## Required work
Every entry is to be returned as it stands, apart from the pictures.

## Materials provided
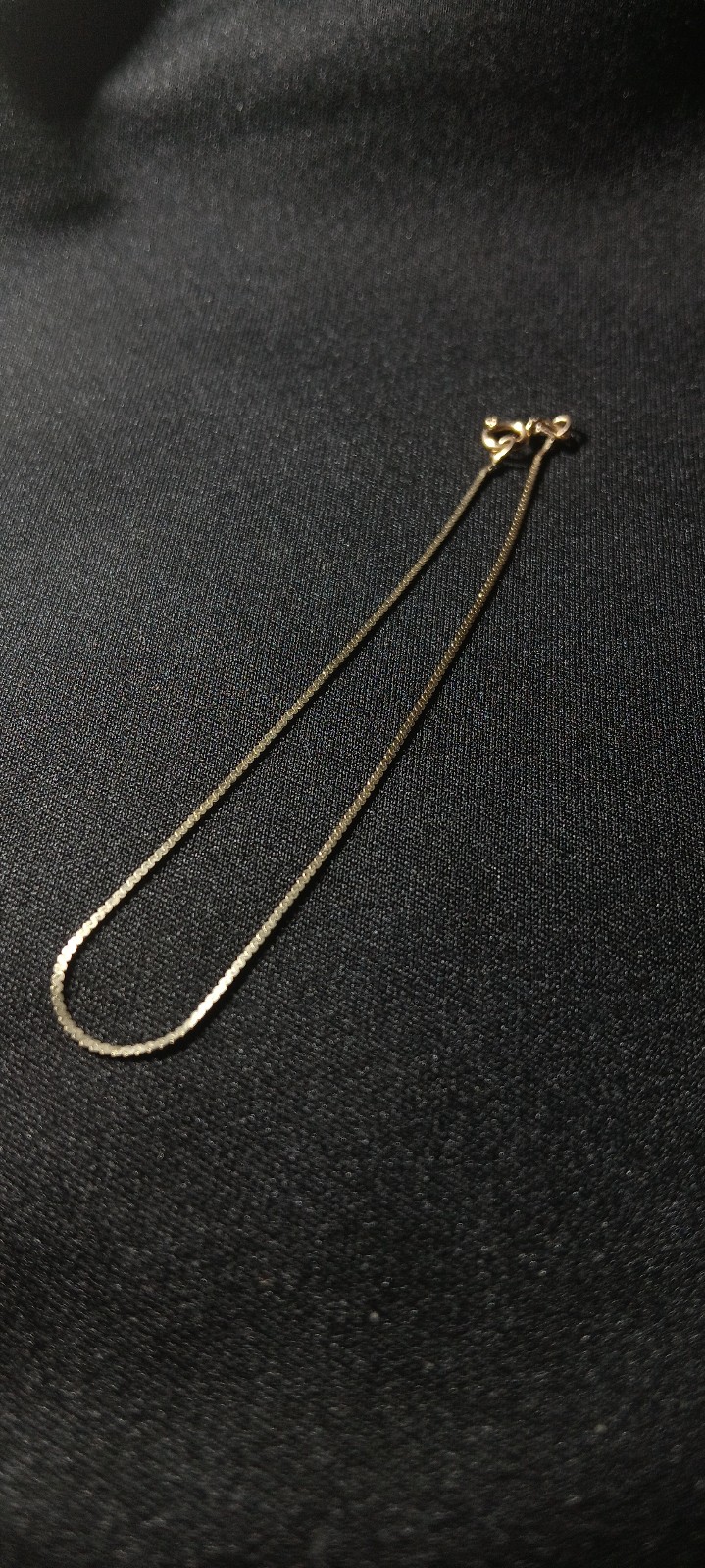 Solid 14k Yellow Gold Bracelet S Serpentine bracelet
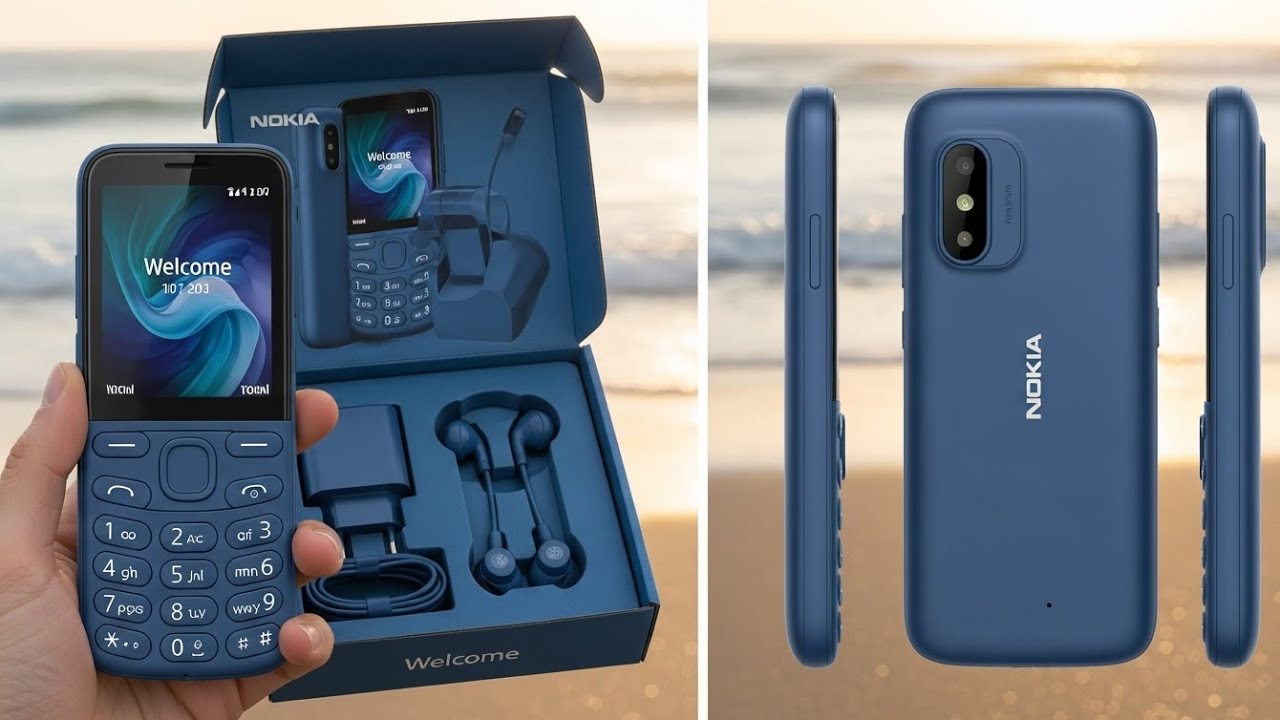 Nokia 2600 Blue Review – Classic, Reliable, and Affordable Feature Phone!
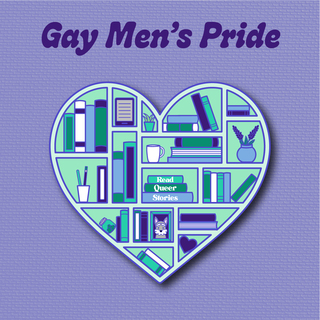 Read Queer Stories Sticker - Gay Men's Pride 2"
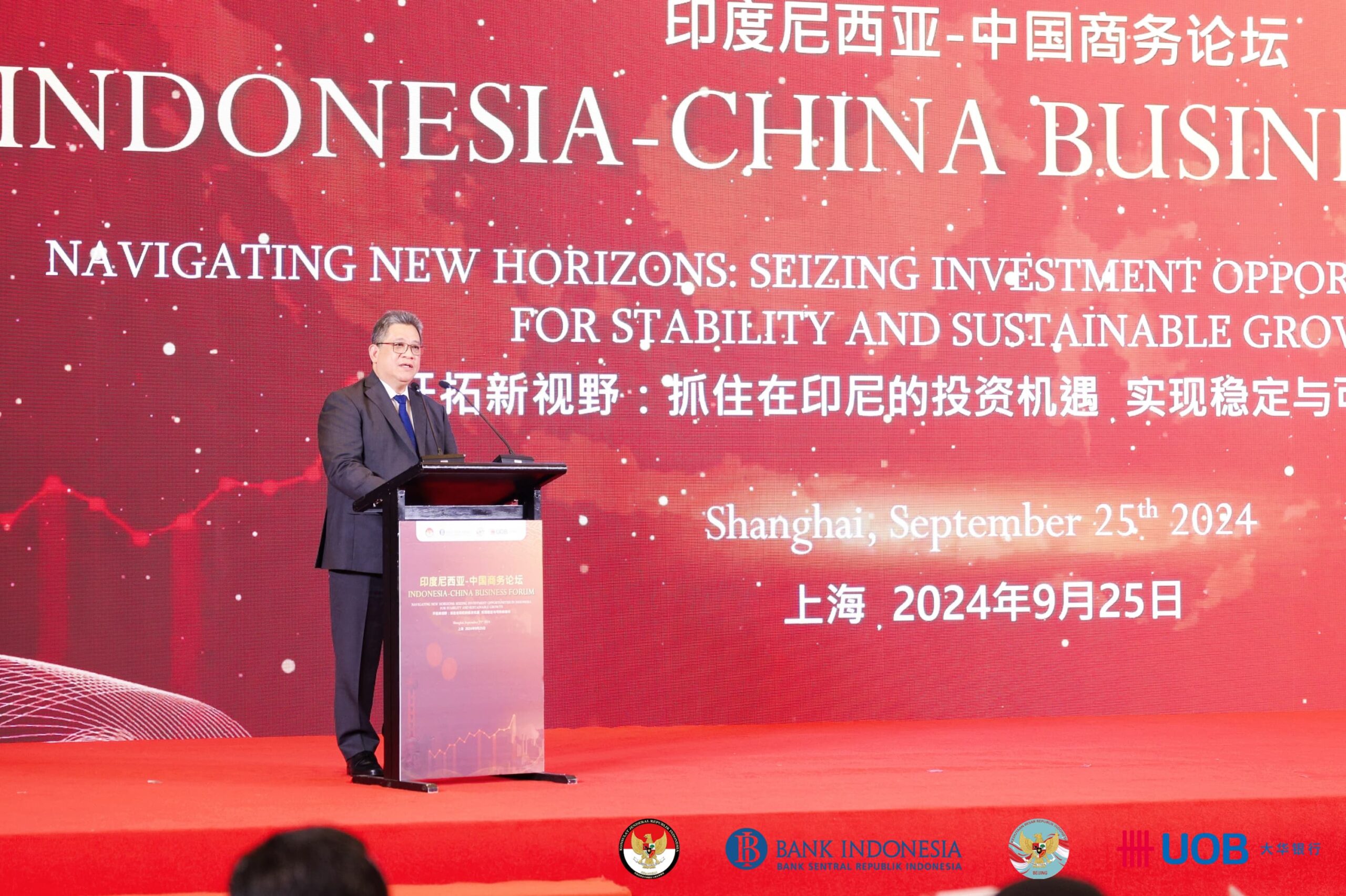 BI ajak investor di Tiongkok berinvestasi di Indonesia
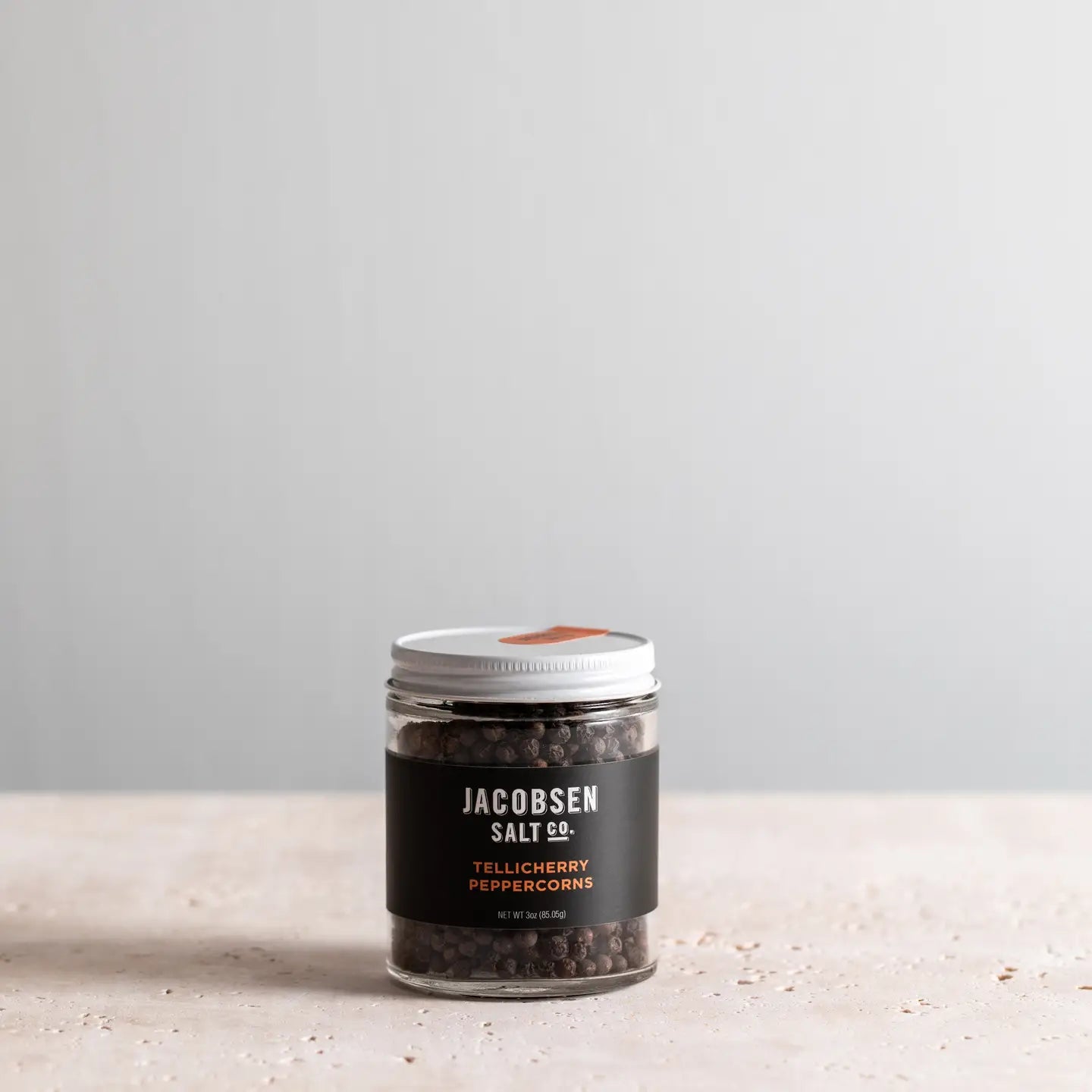Tellicherry Peppercorn Refill Jar | Jacobsen Salt Co.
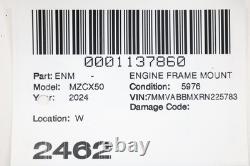2024 MAZDA CX50 Transmission Mount Va54-39-070 Bdtv-39-07zb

## Task solution
 Solid 14k Yellow Gold Bracelet S Serpentine bracelet
 Nokia 2600 Blue Review – Classic, Reliable, and Affordable Feature Phone!
 Read Queer Stories Sticker - Gay Men's Pride 2"
 BI ajak investor di Tiongkok berinvestasi di Indonesia
Tellicherry Peppercorn Refill Jar | Jacobsen Salt Co.
2024 MAZDA CX50 Transmission Mount Va54-39-070 Bdtv-39-07zb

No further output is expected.